In the material below, transcribe every line from the first through the line holding "Dolce & Gabbana", exactly, and stop after that line.

■ ■ ■ ■ ■

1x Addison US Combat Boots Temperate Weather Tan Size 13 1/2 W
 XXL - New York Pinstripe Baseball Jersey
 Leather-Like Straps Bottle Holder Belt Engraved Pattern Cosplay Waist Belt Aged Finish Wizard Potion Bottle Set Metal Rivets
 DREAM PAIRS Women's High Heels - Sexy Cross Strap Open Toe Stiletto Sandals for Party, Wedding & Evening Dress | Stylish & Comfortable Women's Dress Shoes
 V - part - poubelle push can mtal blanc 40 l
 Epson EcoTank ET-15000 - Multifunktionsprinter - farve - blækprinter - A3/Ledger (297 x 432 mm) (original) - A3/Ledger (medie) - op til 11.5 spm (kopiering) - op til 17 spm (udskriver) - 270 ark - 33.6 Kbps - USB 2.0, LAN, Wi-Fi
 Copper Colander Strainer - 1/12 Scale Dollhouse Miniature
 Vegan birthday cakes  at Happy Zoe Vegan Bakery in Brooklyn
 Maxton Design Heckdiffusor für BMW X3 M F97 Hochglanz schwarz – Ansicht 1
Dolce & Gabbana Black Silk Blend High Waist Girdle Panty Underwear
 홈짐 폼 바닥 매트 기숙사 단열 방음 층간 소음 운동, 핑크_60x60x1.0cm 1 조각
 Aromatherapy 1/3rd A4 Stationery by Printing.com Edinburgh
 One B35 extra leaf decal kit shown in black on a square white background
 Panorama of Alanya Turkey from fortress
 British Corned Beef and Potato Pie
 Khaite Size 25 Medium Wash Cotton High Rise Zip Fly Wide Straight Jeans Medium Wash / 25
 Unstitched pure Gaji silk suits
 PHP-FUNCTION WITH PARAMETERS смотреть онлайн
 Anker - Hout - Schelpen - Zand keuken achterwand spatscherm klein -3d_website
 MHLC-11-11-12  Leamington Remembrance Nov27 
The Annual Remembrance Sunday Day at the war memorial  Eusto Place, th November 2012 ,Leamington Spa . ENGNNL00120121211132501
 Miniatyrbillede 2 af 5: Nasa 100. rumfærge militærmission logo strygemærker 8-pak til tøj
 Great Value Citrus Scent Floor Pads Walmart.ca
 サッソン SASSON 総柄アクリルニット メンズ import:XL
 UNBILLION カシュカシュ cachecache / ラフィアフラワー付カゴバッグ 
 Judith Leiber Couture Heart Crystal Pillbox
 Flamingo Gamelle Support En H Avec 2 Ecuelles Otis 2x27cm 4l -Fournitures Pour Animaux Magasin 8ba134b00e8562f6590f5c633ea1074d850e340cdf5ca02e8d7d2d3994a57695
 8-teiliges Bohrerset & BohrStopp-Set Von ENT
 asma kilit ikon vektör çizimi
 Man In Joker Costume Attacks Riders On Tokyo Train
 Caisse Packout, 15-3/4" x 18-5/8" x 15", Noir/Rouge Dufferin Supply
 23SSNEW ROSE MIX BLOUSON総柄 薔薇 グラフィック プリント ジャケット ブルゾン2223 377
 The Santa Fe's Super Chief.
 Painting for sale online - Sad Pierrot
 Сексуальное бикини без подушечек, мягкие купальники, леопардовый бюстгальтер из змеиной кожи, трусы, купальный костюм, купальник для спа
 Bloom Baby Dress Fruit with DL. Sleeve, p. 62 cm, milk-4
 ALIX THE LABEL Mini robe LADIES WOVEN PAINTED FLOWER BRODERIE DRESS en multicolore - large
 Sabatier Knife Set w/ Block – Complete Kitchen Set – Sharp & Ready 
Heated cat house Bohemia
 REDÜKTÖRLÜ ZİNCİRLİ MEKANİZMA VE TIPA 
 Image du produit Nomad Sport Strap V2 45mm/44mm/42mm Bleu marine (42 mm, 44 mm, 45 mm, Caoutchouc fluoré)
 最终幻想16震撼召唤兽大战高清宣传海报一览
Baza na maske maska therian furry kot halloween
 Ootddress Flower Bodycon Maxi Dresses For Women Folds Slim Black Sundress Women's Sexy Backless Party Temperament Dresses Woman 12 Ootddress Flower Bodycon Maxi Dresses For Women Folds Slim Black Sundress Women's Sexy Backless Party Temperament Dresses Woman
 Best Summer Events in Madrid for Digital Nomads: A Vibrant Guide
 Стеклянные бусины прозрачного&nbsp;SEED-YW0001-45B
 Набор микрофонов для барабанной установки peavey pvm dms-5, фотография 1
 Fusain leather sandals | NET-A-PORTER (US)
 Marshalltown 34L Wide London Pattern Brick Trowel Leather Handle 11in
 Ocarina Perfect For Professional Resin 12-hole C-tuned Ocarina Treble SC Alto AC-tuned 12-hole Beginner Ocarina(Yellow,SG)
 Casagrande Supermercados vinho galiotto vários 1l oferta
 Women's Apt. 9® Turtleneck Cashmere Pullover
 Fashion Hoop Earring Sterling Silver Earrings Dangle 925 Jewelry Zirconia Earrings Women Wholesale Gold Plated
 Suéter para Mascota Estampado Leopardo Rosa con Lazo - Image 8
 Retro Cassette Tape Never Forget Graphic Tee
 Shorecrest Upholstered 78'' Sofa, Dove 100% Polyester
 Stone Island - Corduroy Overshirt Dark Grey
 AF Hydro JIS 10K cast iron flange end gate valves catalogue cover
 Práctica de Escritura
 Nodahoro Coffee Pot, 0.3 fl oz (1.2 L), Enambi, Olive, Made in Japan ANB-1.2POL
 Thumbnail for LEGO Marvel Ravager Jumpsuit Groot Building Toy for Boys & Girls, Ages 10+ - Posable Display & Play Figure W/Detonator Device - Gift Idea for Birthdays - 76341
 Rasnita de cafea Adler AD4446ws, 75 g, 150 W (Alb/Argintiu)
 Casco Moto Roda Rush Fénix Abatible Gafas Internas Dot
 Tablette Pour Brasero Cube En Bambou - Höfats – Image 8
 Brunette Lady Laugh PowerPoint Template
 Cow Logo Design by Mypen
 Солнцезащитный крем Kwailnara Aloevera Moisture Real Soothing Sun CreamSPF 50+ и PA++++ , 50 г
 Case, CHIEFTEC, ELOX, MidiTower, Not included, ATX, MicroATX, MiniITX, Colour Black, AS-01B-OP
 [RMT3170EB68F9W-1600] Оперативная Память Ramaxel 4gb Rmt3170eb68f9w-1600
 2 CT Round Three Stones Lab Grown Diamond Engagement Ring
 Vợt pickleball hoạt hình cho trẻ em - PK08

■ ■ ■ ■ ■

* _Written solution_
1x Addison US Combat Boots Temperate Weather Tan Size 13 1/2 W
 XXL - New York Pinstripe Baseball Jersey
 Leather-Like Straps Bottle Holder Belt Engraved Pattern Cosplay Waist Belt Aged Finish Wizard Potion Bottle Set Metal Rivets
 DREAM PAIRS Women's High Heels - Sexy Cross Strap Open Toe Stiletto Sandals for Party, Wedding & Evening Dress | Stylish & Comfortable Women's Dress Shoes
 V - part - poubelle push can mtal blanc 40 l
 Epson EcoTank ET-15000 - Multifunktionsprinter - farve - blækprinter - A3/Ledger (297 x 432 mm) (original) - A3/Ledger (medie) - op til 11.5 spm (kopiering) - op til 17 spm (udskriver) - 270 ark - 33.6 Kbps - USB 2.0, LAN, Wi-Fi
 Copper Colander Strainer - 1/12 Scale Dollhouse Miniature
 Vegan birthday cakes  at Happy Zoe Vegan Bakery in Brooklyn
 Maxton Design Heckdiffusor für BMW X3 M F97 Hochglanz schwarz – Ansicht 1
Dolce & Gabbana Black Silk Blend High Waist Girdle Panty Underwear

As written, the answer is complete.